This is the abstract for Ambady, Nalini, and Robert Rosenthal. "Half a Minute: Predicting Teacher Evaluations From Thin Slices of Nonverbal Behavior and Physical Attractiveness." Journal of Personality and Social Psychology 64, no. 3 (1993): 431–441. https://doi.org/10.1037/0022-3514.64.3.431.
The accuracy of strangers' consensual judgments of personality based on "thin slices" of targets' nonverbal behavior were examined in relation to an ecologically valid criterion variable. In the 1st study, consensual judgments of college teachers' molar nonverbal behavior based on very brief (under 30 s) silent video clips significantly predicted global end-of-semester student evaluations of teachers. In the 2nd study, similar judgments predicted a principal's ratings of high school teachers. In the 3rd study, ratings of even thinner slices (6-s and 15-s clips) were strongly related to the criterion variables. Ratings of specific micrononverbal behaviors and ratings of teachers' physical attractiveness were not as strongly related to the criterion variable. These findings have important implications for the areas of personality judgment, impression formation, and nonverbal behavior.
The paper is accessible in multiple places on the web, e.g. here. The paper extended NaliniAmbady's dissertation research at Harvard, where Rosenthal was her advisor.
The careful study design is resistant to many of the criticisms that "thin slice" research has been submitted to since the work of Todorov and the "Blink!" popularization. The work builds in three incremental studies, it specifically checks for the attractiveness bias, and it used not only student but also principal evaluation to check for comparability. It did not work on thinning the slices until the third study.
Ambady was bitten, however by the assumption that student evaluations were an informative signal.
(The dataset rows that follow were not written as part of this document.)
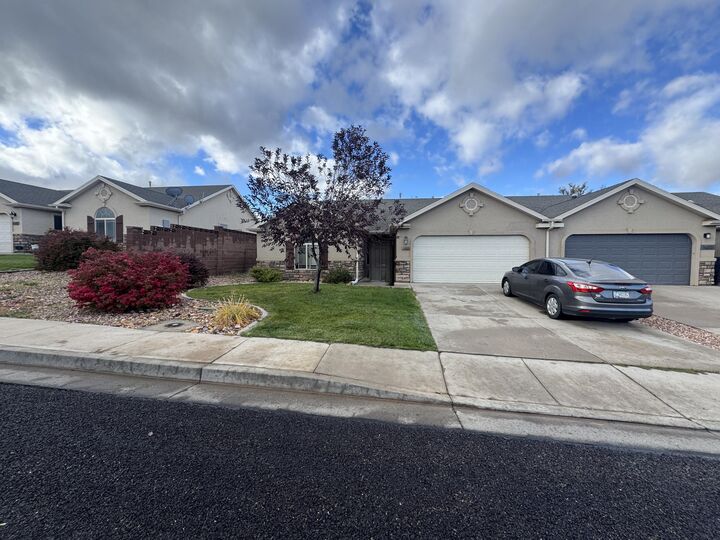 Property Photo:  1410 S Northern View Dr  UT 84720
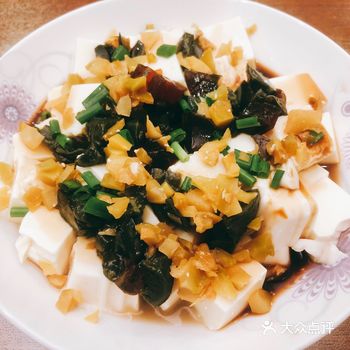 夏天到了的快手菜，家常版小葱拌皮蛋豆腐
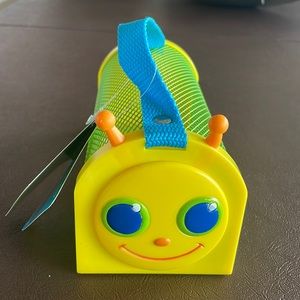 NWT Melissa& Doug Sunny Patch Bug House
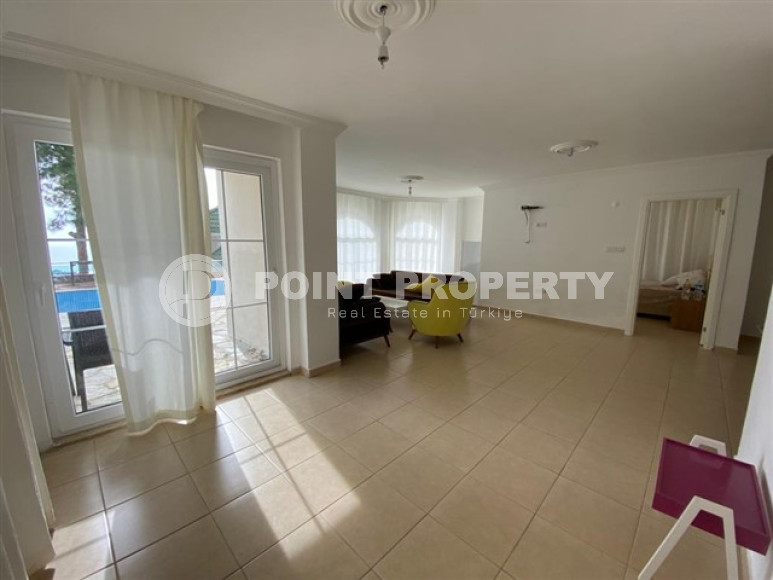 Large villa with a 6+2 layout and an area of 250 m2 in the Tepe area, Alanya, away from the sea-id-3259-photo-19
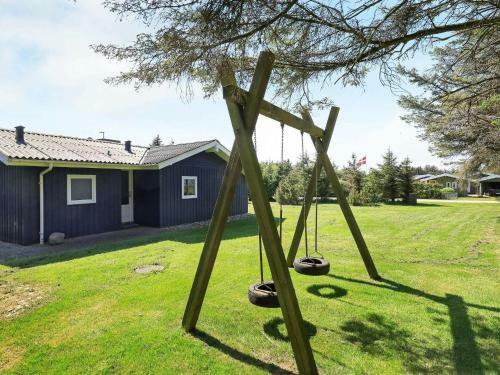 Three-bedroom Holiday Home In L�kken 11
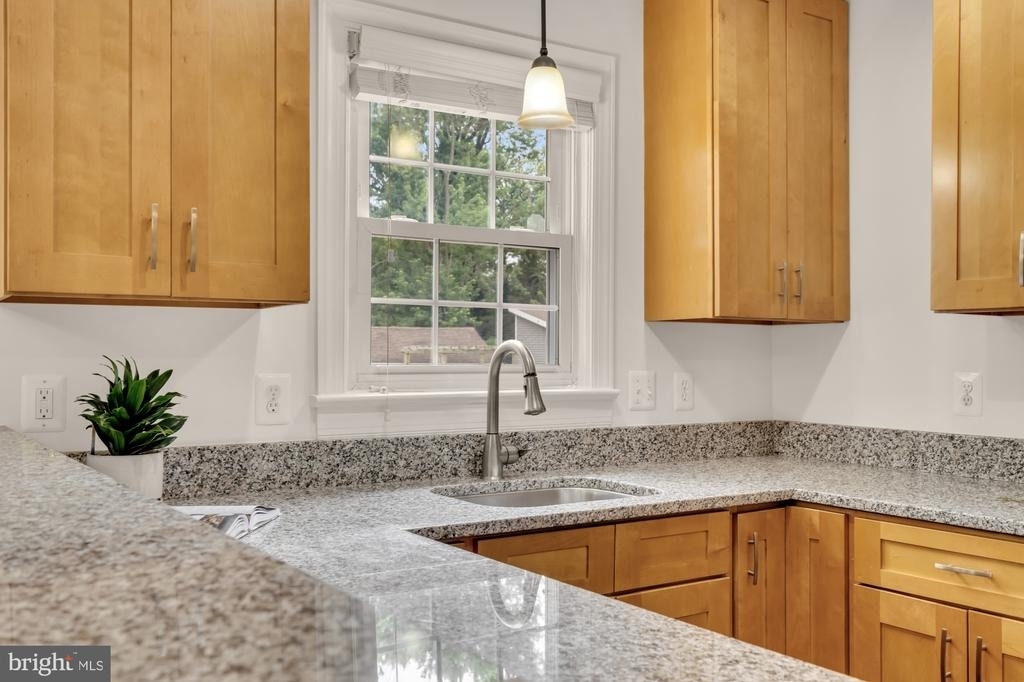8604 Woodlawn Court - Photo 16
The criterion was end-of-the-semester student evaluations. Although student achievement (adjusted for student ability) might be the best possible criterion of effective teaching, it is very difficult to obtain such data. Teacher effectiveness in the real world is often evaluated solely on the basis of ratings of supervisors and students. Therefore, we used end-of-the-semester student ratings of teachers as a measure of teacher effectiveness. Considerable evidence supports the validity of student evaluations: Student ratings are consistent over time and across raters; correlate positively with expert, colleague, and administrator ratings; are independent of extraneous characteristics or characteristics of the students themselves; correlate significantly with how much students actually learn; and, last, do not change appreciably with greater age of the student rater and reflection by the student (Abrami, d'Apollonia, & Cohen, 1990; Centra, 1979; Cohen, 1981; Feldman, 1989a, 1989b; Howard, Conway, & Maxwell, 1985; Kulik & Kulik, 1974; Leventhal, Perry, & Abrami, 1977; Marsh, 1984; McKeachie, 1979; Trent & Cohen, 1973). Thus, student evaluations seem to be a valid means of evaluating teacher effectiveness. (432)
That stance was substantially challenged by the research of Boring, Ottoboni & Stark (2016), which used substantial data sets to argue that
Student evaluations of teaching (SET) are widely used in academic personnel decisions as a measure of teaching effectiveness. We [i.e. Boring, Ottoboni & Stark] show:
SET are biased against female instructors by an amount that is large and statistically significant.
The bias affects how students rate even putatively objective aspects of teaching, such as how promptly assignments are graded.
The bias varies by discipline and by student gender, among other things.
It is not possible to adjust for the bias, because it depends on so many factors.
SET are more sensitive to students’ gender bias and grade expectations than they are to teaching effectiveness.
Gender biases can be large enough to cause more effective instructors to get lower SET than less effective instructors.
These findings are based on nonparametric statistical tests applied to two datasets: 23,001 SET of 379 instructors by 4,423 students in six mandatory first-year courses in a five-year natural experiment at a French university, and 43 SET for four sections of an online course in a randomized, controlled, blind experiment at a US university.
This research appeared three years after Ambady's passing away in 2013.
Ambady's & Rosenthal's work was also hampered by the winner's curse, which their three-times repetition of their study could not fully escape from. (Notice that only some of the concerns that Ioannidis expresses in his 2005 paper apply to Ambady's work, and that the suggestion to use larger studies is silly for a PhD undertaking altogether.)